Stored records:
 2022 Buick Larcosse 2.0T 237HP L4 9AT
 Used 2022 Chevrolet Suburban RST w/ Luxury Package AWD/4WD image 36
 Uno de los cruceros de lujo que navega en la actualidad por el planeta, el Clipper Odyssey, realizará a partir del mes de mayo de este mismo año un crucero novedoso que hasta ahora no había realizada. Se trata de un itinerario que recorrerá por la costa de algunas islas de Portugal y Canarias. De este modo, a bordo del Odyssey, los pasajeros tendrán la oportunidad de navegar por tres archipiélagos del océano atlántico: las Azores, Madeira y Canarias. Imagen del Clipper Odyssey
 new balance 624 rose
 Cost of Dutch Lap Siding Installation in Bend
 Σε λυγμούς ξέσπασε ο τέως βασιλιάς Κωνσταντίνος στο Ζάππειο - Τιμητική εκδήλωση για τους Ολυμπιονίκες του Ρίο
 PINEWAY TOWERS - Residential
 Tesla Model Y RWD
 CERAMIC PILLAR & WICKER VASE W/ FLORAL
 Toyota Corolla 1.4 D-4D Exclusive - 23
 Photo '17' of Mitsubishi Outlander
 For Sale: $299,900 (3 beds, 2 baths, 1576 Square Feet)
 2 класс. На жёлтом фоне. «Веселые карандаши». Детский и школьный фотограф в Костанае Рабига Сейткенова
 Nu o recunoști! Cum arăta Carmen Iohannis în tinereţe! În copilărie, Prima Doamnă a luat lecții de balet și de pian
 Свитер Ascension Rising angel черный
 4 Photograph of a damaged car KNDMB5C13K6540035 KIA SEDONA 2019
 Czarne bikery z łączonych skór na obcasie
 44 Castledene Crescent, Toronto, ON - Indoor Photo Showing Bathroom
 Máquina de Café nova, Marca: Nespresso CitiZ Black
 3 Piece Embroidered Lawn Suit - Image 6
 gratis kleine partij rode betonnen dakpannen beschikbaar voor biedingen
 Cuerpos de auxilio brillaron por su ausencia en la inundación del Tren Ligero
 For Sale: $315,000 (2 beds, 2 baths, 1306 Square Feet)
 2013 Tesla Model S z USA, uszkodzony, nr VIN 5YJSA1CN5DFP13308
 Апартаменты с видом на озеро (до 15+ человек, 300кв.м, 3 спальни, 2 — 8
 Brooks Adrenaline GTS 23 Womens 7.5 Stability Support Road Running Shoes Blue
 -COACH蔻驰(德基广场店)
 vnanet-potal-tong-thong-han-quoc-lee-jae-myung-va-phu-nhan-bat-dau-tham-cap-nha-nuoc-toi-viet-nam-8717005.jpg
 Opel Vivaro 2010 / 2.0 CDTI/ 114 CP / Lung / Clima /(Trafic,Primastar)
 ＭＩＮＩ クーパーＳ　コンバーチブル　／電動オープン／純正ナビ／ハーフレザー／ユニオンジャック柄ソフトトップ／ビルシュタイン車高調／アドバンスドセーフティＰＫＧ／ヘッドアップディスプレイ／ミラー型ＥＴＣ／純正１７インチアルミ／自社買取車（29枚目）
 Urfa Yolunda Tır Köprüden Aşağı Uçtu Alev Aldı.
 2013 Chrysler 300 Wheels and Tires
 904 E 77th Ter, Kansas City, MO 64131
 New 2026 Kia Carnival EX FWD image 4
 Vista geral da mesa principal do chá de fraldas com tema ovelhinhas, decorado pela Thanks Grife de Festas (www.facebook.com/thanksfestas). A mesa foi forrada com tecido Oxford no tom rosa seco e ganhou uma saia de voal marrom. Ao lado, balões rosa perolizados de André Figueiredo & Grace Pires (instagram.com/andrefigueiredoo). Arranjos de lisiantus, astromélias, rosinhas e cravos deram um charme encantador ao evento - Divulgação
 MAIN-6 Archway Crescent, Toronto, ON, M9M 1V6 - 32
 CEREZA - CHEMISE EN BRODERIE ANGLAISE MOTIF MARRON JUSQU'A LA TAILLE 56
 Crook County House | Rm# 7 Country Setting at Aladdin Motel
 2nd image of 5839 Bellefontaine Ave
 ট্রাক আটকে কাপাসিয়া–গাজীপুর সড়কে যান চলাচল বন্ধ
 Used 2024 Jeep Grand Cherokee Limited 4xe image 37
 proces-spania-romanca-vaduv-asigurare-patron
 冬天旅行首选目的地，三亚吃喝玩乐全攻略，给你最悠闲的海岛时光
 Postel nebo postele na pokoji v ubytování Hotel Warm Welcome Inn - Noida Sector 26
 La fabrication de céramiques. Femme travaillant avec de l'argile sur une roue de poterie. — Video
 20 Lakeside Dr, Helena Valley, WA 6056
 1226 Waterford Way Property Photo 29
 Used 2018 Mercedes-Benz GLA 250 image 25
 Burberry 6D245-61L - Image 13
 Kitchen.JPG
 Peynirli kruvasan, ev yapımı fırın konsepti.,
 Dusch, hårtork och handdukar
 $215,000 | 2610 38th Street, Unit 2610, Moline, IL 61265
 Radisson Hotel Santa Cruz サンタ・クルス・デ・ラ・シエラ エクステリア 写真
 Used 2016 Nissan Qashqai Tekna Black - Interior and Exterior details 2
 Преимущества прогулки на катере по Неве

## Task instructions:
Could you retype exactly the lines above, starting at the line that contains "904 E 77th Ter, Kansas City, MO 64131" and ending at the line that contains "Postel nebo postele", and nothing more?

## Answer space:
 904 E 77th Ter, Kansas City, MO 64131
 New 2026 Kia Carnival EX FWD image 4
 Vista geral da mesa principal do chá de fraldas com tema ovelhinhas, decorado pela Thanks Grife de Festas (www.facebook.com/thanksfestas). A mesa foi forrada com tecido Oxford no tom rosa seco e ganhou uma saia de voal marrom. Ao lado, balões rosa perolizados de André Figueiredo & Grace Pires (instagram.com/andrefigueiredoo). Arranjos de lisiantus, astromélias, rosinhas e cravos deram um charme encantador ao evento - Divulgação
 MAIN-6 Archway Crescent, Toronto, ON, M9M 1V6 - 32
 CEREZA - CHEMISE EN BRODERIE ANGLAISE MOTIF MARRON JUSQU'A LA TAILLE 56
 Crook County House | Rm# 7 Country Setting at Aladdin Motel
 2nd image of 5839 Bellefontaine Ave
 ট্রাক আটকে কাপাসিয়া–গাজীপুর সড়কে যান চলাচল বন্ধ
 Used 2024 Jeep Grand Cherokee Limited 4xe image 37
 proces-spania-romanca-vaduv-asigurare-patron
 冬天旅行首选目的地，三亚吃喝玩乐全攻略，给你最悠闲的海岛时光
 Postel nebo postele na pokoji v ubytování Hotel Warm Welcome Inn - Noida Sector 26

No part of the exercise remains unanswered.